Generating Histograms of M-Tuple Sums¶

Use rand to create a 2D NumPy array of shape (M, npts).
Sum all the M-tuples using sum as an axis-dependent operation i.e. by specifying which axis to sum over.

Finding the “Right” Scaling¶

The “right” scaling is a function of M. When divided by this scaling, the histograms produced for different values of M should converge to the same distribution as M increases without bound.
For each histogram generated for a different value of M, first subtract the mean (M/2) to shift the histogram so that it is centered on zero.
Use the normed=True keyword argument to hist to turn the histogram into a probability distribution.
Consider using the histtype='step' keyword argument when plotting multiple histograms on the same axes. This just plots the outline of a histogram, so it may be easier to see when convergence is happening.

The Exponential Distribution¶

Construct a function g(u) so that t = g(u) has the exponential pdf p(t). Remember from class that the steps to construct this function are:
1. Let $u = \int p(t) dt$
2. Plug in your probability density function p(t), and integrate to find u as a function of t.
3. Solve for t as a function of u, given by t = g(u).
Sum M-tuples of large numbers of samples drawn from p(t) using t = g(u). Remember that using a NumPy 2D array of shape (M, npts) will allow this kind of summing to be performed very efficiently.

To Switch or Not to Switch¶

Use an integer from the set {1, 2, 3} to represent each box.
Use numpy.random.randint to randomly select winning boxes for a large number of trials.
Construct an array of box choices made using each of the two strategies.
Compare the winning box to your choice in both cases using ==, then use np.sum to sum the number of wins.

Plotting the Changing Stock Prices¶

The random ε term needs to be calculated separately for every step.
A “for” loop will be needed since the stock price each day is calculated from the previous day.
Prices {s(0), s(1), ..., s(365)} should be saved either to a list or into an array.
Plot enough stock prices to see how much variation there is in the different stock trajectories.
Note that plot can be passed a 2D array to plot. When this is done, each column is plotted as a separate line.
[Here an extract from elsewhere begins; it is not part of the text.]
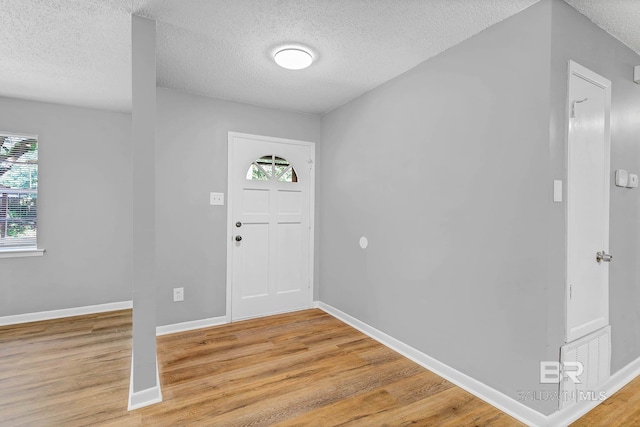 3304 Armond St, Mobile, AL 36605 - foyer featuring a textured ceiling and light wood-type flooring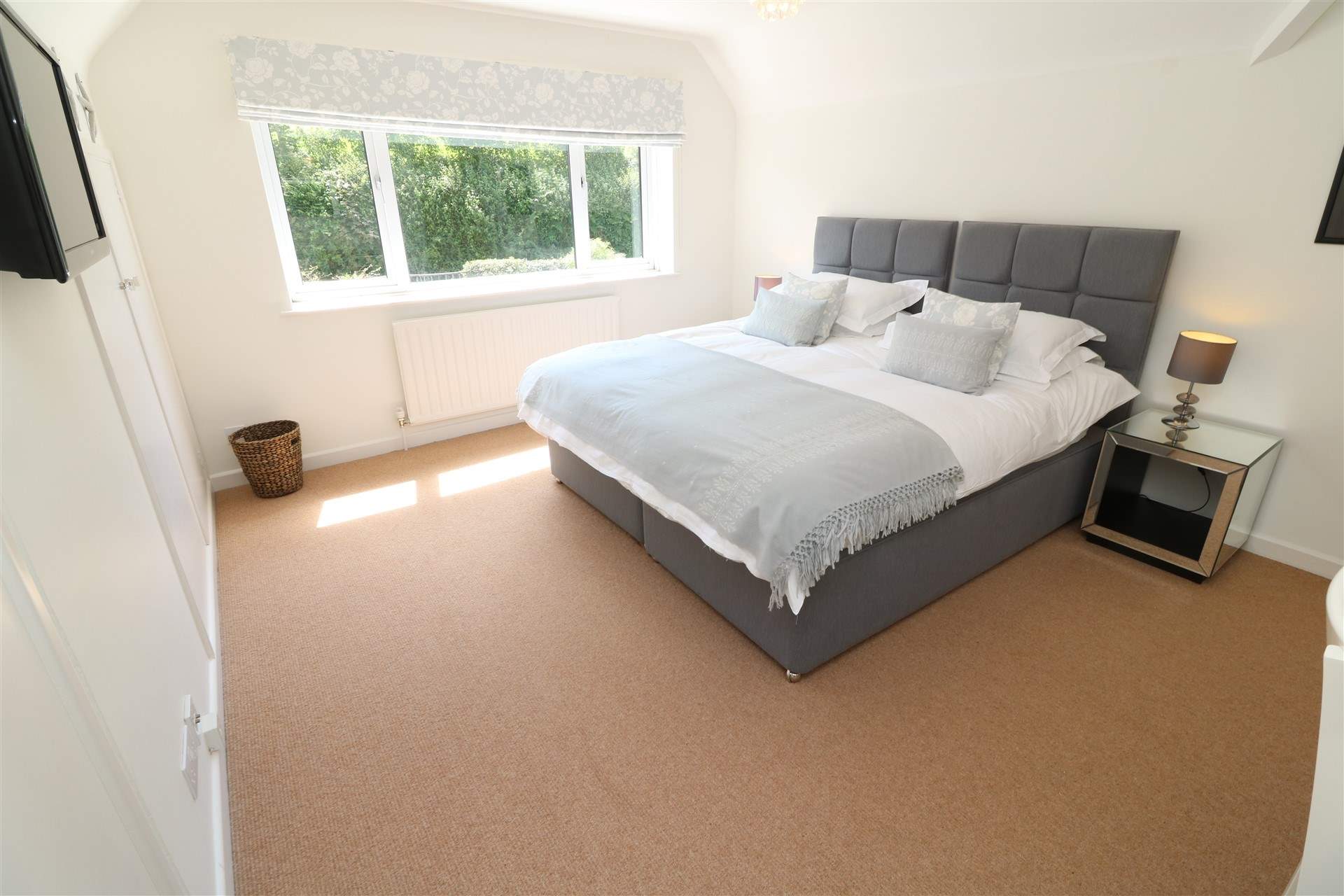 Three bedrooms are located on the first floor.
Plotting the Histogram of Final Prices¶

A large number of stock prices need to be tracked to get a good idea of the final distribution.
A 1D array can be used to store the current prices of the different stocks. These prices can all be updated together each day inside the “for” loop.
After the “for” loop is complete, this 1D array will contain the final price for every stock.

Analyzing the Distribution of Final Prices¶

The array of final stock prices can be used to find both the expected value, the likelihood of losing money, and the “most likely” value of the investment after 1 year.